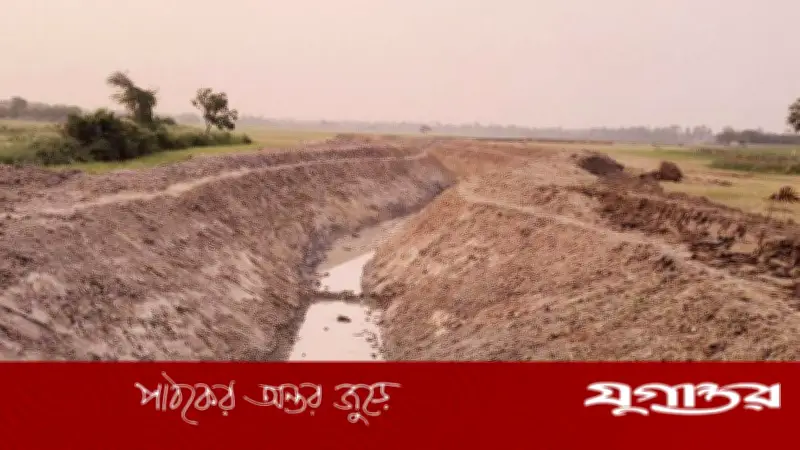 তানোরে খাল পুনঃখননে পুকুর নয়, যেন সাগর চুরি, ফেসবুকে ভাইরাল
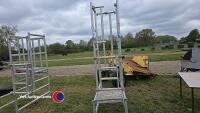 Podium aluminium platform on wheels - 2
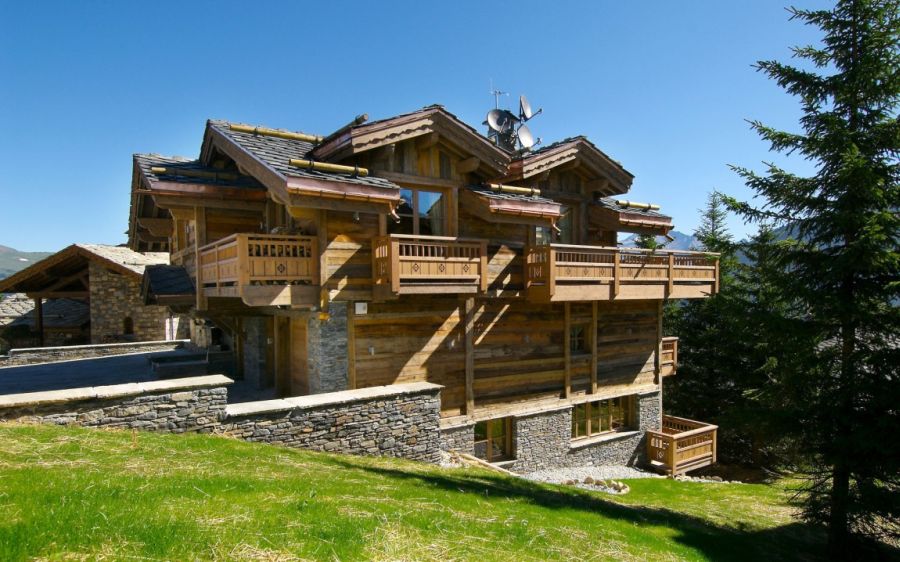 Деревянный экстерьер шале Pearl Ski Lodge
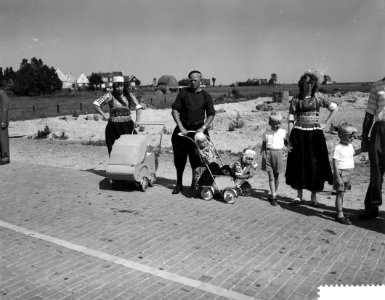 Drukte op Marken na de opening van de dijk, Marker met kinderen, Bestanddeelnr 910-5374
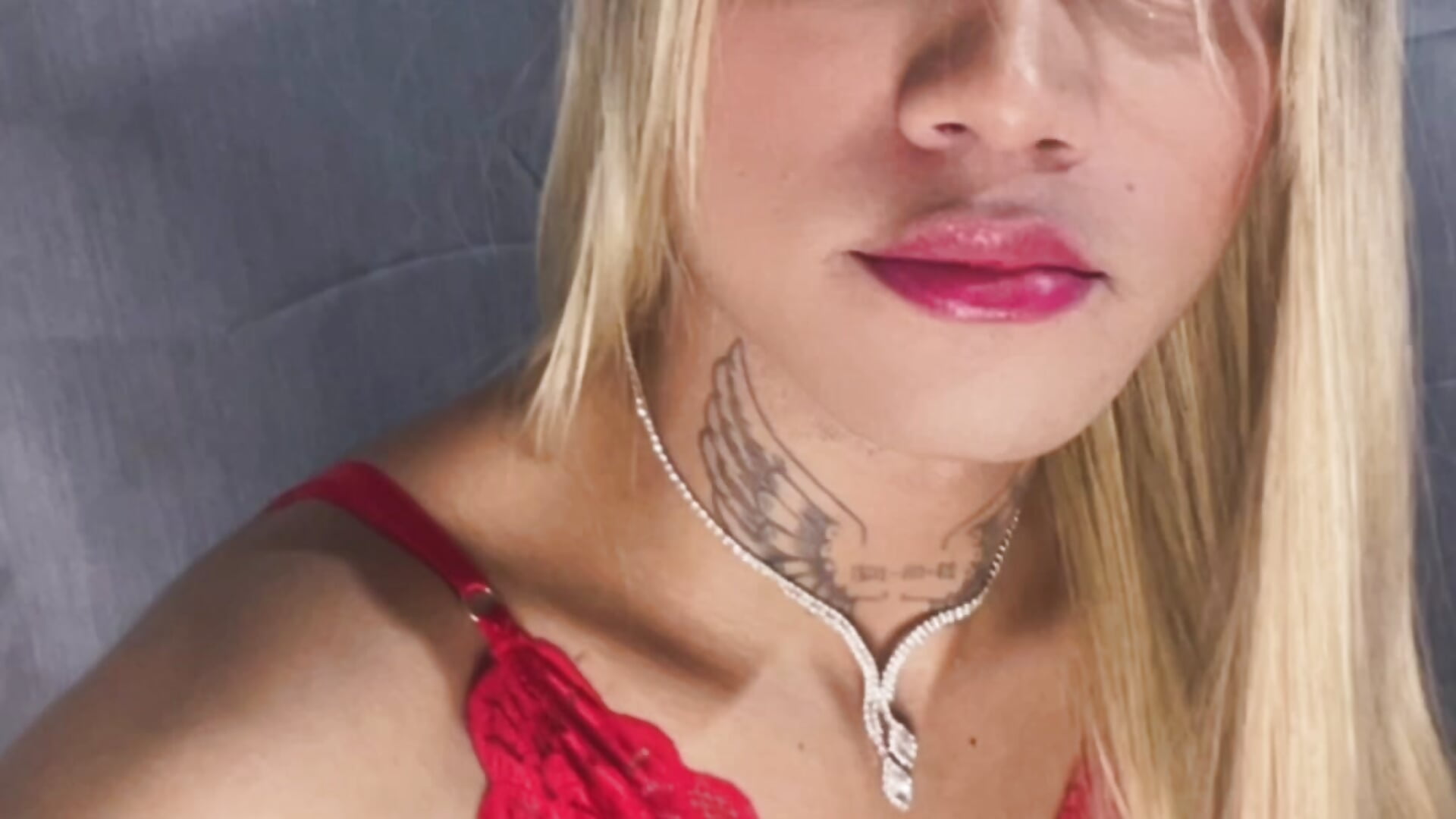 I am a very accommodating and affectionate sexy girl - video by Hansell_francheska cam model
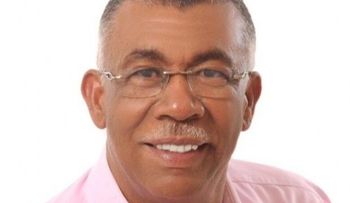 Aquino Montero lanza precandidatura a senador por el PLD en Elías Piña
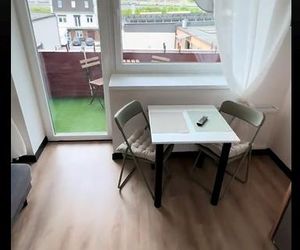 Zrobili pięć mikrokawalerek w jednym mieszkaniu. Urbanistyczny koszmar rodem z Hongkongu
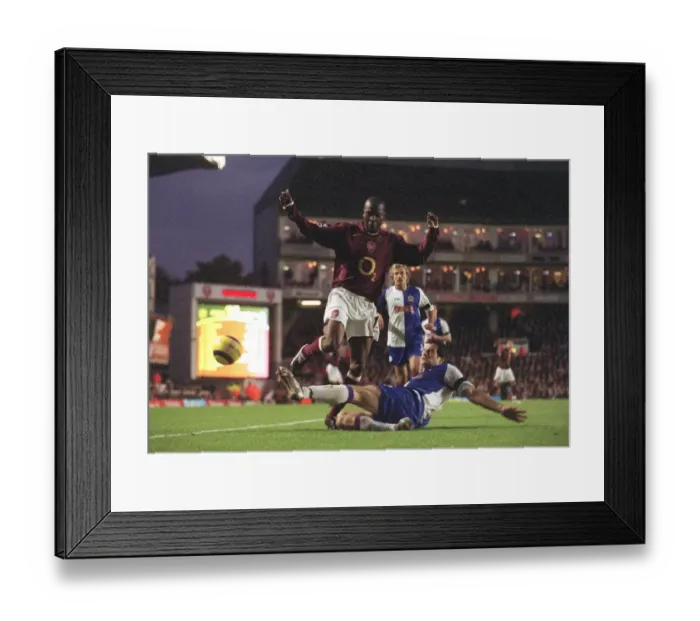 Framed Print : Lauren (Arsenal) Ryan Nelsen (Blackburn). Arsenal 3: 0 Blackburn Rovers Framed Print : Lauren (Arsenal) Ryan Nelsen (Blackburn). Arsenal 3: 0 Blackburn Rovers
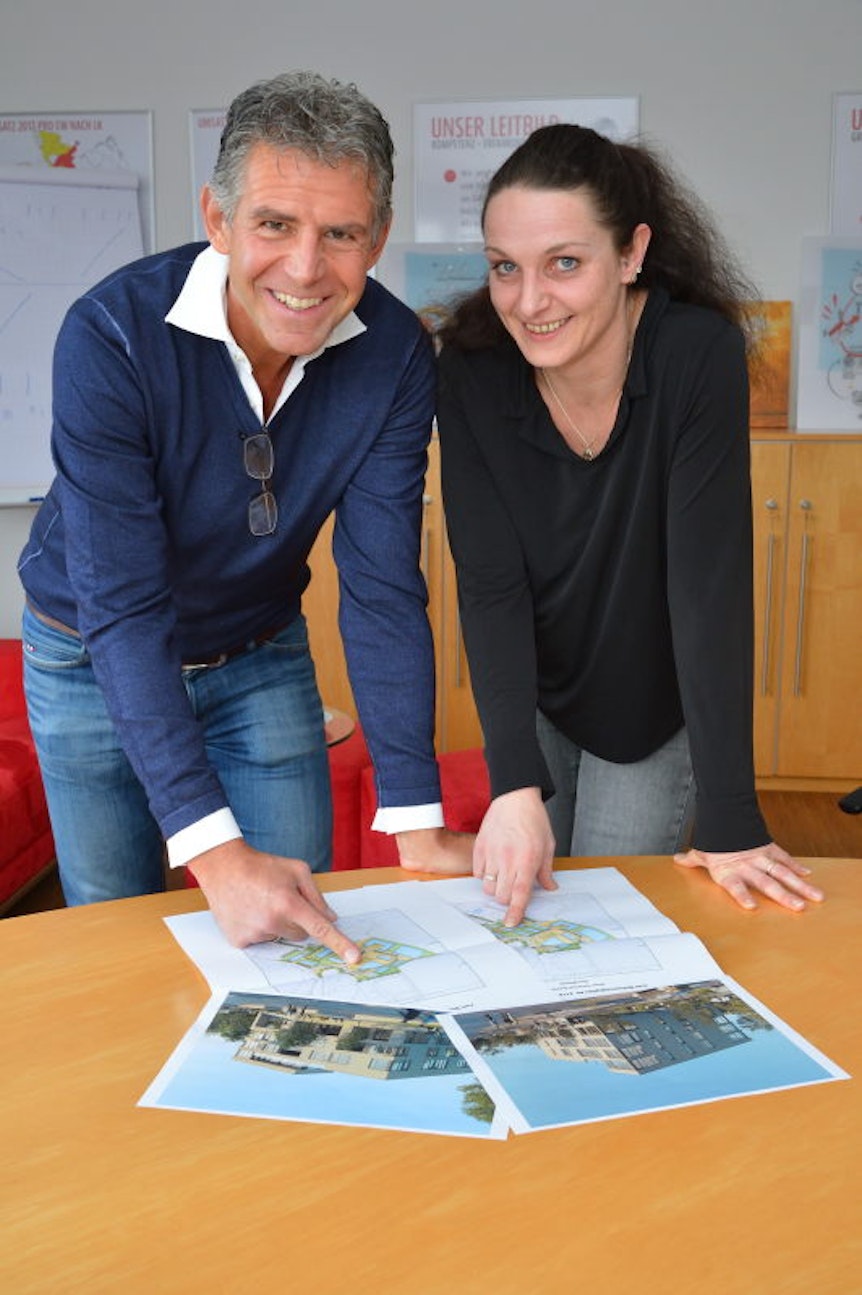 Isotec-Chef Horst Becker und Tanja Petrunic planen für die freie Fläche in unmittelbarer Nähe zur Gladbacher Innenstadt.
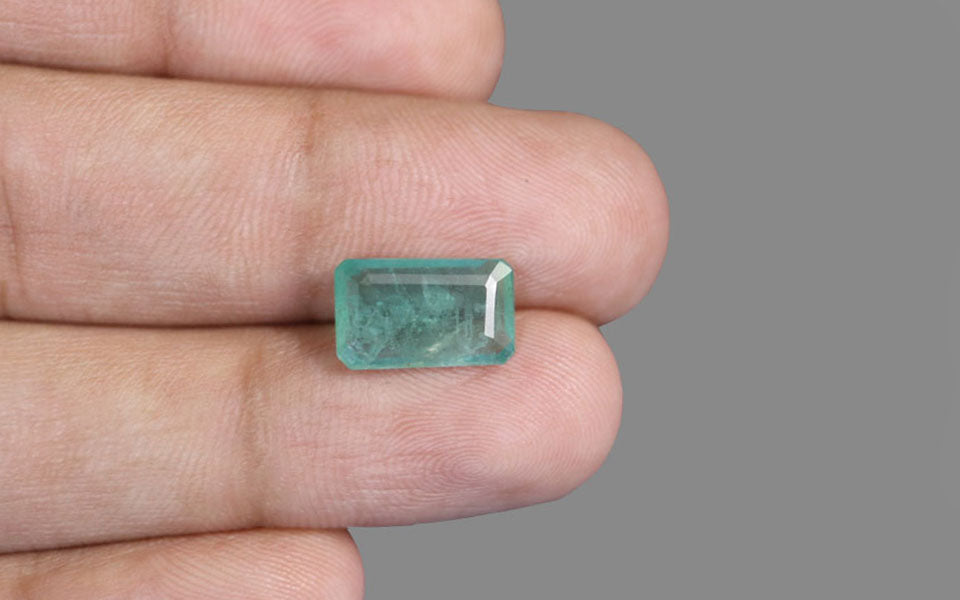 Emerald - 2.89 Carats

■ Task to complete
Copy word for word the span of the records above that begins at the line with "Деревянный экстерьер шале Pearl Ski Lodge" and ends at the line with "Zrobili pięć mikrokawalerek", including those two lines but not the pictures.

■ Answer for the task
 Деревянный экстерьер шале Pearl Ski Lodge
 Drukte op Marken na de opening van de dijk, Marker met kinderen, Bestanddeelnr 910-5374
 I am a very accommodating and affectionate sexy girl - video by Hansell_francheska cam model
 Aquino Montero lanza precandidatura a senador por el PLD en Elías Piña
 Zrobili pięć mikrokawalerek w jednym mieszkaniu. Urbanistyczny koszmar rodem z Hongkongu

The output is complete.